But TomTom’s ability to extend this advantage to the U.S. has run into intransigent U.S. carriers and existing players – AirSage and IntelliOne – that have already negotiated their own access to cellular hand-off data. This impasse is evidenced in the TomTom product plan which includes devices with “local” and “Euro-wide” data, but only a handful of models that merit a mention of U.S. data.


TomTom says its new campaign will eschew “ultra-low margin” products and price points and focus on mid-high segment products targeted at replacement buyers. The strategy appears to be an acknowledgement of two key issues:


#1 – PND/navi buyers are a unique breed and prone to replacement purchases. TomTom claims a high customer loyalty rate (80%) and clearly wants to win over Garmin customers.

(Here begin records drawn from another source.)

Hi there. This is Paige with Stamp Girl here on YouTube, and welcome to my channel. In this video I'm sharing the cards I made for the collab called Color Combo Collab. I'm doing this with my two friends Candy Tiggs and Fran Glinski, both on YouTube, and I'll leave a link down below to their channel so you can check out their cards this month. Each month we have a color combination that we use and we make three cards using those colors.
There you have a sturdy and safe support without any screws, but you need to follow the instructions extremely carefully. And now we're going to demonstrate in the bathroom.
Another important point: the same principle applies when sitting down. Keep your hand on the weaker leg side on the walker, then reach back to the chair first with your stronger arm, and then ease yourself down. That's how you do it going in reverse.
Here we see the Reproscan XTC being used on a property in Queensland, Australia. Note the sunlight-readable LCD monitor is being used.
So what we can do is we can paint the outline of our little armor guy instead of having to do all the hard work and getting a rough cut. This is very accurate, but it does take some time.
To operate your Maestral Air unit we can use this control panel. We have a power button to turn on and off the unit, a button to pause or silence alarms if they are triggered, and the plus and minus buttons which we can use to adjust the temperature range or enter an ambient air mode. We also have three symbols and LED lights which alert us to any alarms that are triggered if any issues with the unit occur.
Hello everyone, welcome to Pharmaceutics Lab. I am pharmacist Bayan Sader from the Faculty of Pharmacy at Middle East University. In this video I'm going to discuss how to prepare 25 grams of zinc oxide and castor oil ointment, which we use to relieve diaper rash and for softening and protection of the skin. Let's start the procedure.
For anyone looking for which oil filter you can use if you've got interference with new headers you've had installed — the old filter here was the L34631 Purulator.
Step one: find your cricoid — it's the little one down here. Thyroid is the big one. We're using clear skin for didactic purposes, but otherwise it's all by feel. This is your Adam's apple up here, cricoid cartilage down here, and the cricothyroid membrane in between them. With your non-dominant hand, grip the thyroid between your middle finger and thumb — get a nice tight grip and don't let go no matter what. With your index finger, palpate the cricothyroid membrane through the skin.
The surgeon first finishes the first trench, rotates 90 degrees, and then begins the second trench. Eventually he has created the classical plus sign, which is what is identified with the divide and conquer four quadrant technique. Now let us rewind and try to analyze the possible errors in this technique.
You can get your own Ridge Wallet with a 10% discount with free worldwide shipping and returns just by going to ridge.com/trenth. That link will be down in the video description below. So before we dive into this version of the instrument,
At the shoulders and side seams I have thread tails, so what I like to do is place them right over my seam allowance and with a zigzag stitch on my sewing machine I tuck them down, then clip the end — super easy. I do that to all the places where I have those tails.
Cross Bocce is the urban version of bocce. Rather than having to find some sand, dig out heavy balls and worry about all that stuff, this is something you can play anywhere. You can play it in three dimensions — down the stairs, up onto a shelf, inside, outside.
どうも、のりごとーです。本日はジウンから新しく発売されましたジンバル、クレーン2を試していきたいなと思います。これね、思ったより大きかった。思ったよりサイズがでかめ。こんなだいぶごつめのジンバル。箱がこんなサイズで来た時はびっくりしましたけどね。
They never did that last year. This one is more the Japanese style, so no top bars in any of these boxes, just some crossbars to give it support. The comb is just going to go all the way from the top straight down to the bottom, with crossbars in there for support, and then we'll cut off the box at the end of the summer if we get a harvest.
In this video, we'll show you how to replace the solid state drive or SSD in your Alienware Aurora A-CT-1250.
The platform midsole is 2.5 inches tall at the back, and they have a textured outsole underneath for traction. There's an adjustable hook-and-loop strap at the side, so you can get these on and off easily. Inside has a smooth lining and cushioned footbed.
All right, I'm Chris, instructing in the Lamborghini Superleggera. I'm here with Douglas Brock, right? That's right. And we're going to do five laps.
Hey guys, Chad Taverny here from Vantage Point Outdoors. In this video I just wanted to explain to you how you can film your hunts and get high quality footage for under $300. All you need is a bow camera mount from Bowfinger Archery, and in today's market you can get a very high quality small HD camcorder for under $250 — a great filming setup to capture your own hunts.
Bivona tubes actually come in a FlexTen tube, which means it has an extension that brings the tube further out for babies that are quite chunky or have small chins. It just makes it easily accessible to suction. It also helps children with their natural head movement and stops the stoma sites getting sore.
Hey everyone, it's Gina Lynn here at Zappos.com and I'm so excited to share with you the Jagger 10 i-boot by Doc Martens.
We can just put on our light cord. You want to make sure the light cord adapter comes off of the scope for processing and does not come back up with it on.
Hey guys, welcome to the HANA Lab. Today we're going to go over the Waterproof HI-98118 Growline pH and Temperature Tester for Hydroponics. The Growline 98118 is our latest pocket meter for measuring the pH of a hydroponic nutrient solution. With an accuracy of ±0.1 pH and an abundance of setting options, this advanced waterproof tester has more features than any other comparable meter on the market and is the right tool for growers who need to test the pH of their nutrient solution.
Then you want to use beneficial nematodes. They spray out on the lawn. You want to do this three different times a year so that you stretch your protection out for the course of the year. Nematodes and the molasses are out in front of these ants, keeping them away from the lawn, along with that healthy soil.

#2 – Most of the growth in navigation is coming from mobile/smartphone and embedded navigation customers.


Which brings us to the final “fly-in-the-ointment” for TomTom. TomTom’s own market survey’s show traffic as the single most popular application for navigation customers, a finding corroborated by Strategy Analytics studies. TomTom also acknowledges in its own research that Google Search is the second most popular application.


While TomTom has opened up its platform – via its implementation of the Webkit OS – and plans to open an application store, the company will eventually have to reckon with Google. TomTom has no answer to the bottomless pit of POI data resident within Google.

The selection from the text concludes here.